Trump's first months in the White House have otherwise been plagued by legislative missteps on healthcare and legal challenges to his immigration travel ban. However, the administration and Trump's supporters see Gorsuch's confirmation as a campaign promise kept and a notch in the win column as the White House eyes the end of the critical first 100 day period.
"He will decide cases based not on personal preferences, but a fair and objective reading of the law," Trump said.
Justice Anthony Kennedy administered the judicial oath in the White House Rose Garden. It was the first time a sitting justice swore in a former clerk to join him as a colleague on the high court bench.
"I cannot tell you how honored I am to have here today my mentor, Justice Kennedy, administer the judicial oath, a beautiful oath, as he did for me 11 years ago when I became a Circuit judge," Gorsuch said, adding that he was "humbled" by the role.
"I am humbled by the trust placed in me today," Gorsuch said. "I will never forget that to whom much is given, much will be expected. And I promise you that I will do all my powers permit to be a faithful servant of the Constitution and laws of this great nation."
Gorsuch will replace the late conservative Justice Antonin Scalia, who passed away in February of 2016.
This was the second of two oaths taken by Supreme Court's newest justice on Monday. The first was administered earlier that morning by Chief Justice John Roberts with Scalia's widow and one of his sons in attendance, as well as the other eight Supreme Court justices.

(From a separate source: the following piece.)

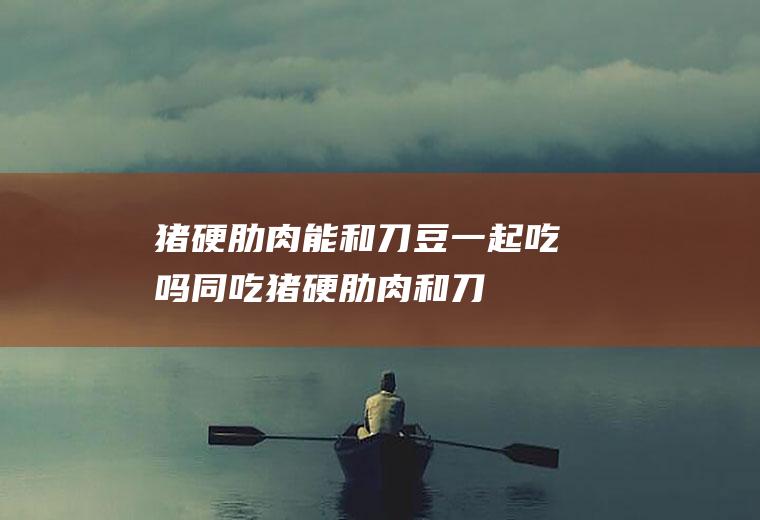 猪硬肋肉能和刀豆一起吃吗/同吃_猪硬肋肉和刀豆相克吗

Gorsuch's swearing in comes after a fierce confirmation battle, waged largely along party lines, that deeply divided the Senate. Democrats tried to block Gorsuch's nomination Thursday with a procedural filibuster but were met by a historic and unprecedented counter by Republicans.
Senate Republicans invoked the "nuclear option" — allowing all future Supreme Court nominees to pass with a 51-vote simple majority instead of the previous 60-vote threshold.

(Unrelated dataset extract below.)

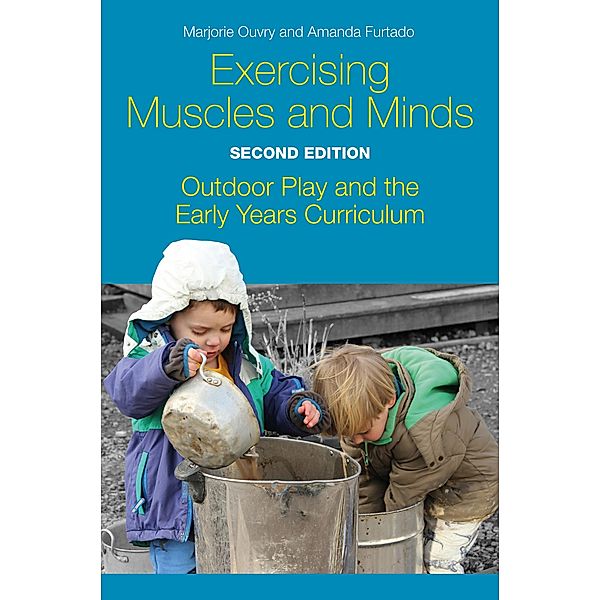 Exercising Muscles and Minds, Second Edition, Marjorie Ouvry, Amanda Furtado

Just three Democrats crossed party lines to confirm Gorsuch: Sens. Joe Donnelly of Indiana), Joe Manchin of West Virginia and Heidi Heitkamp of North Dakota.
While Republicans and the White House praised Gorsuch as a mainstream and qualified jurist, Democrats sounded the alarm over past rulings that they said reflected a preference for corporate interests.
Their opposition was also rooted in the Republican block of President Barack Obama's Supreme Court pick Merrick Garland, who was nominated last year to replace Scalia. Senate Majority Leader Mitch McConnell at the time refused to consider Garland's nomination because of the proximity to the presidential election.
Garland never saw a vote.
Gorsuch can't vote on cases argued before he was sworn-in. However, he could play a decisive role in an important freedom of religion case to be heard April 19.
The court will hear the final 13 cases of the term in April.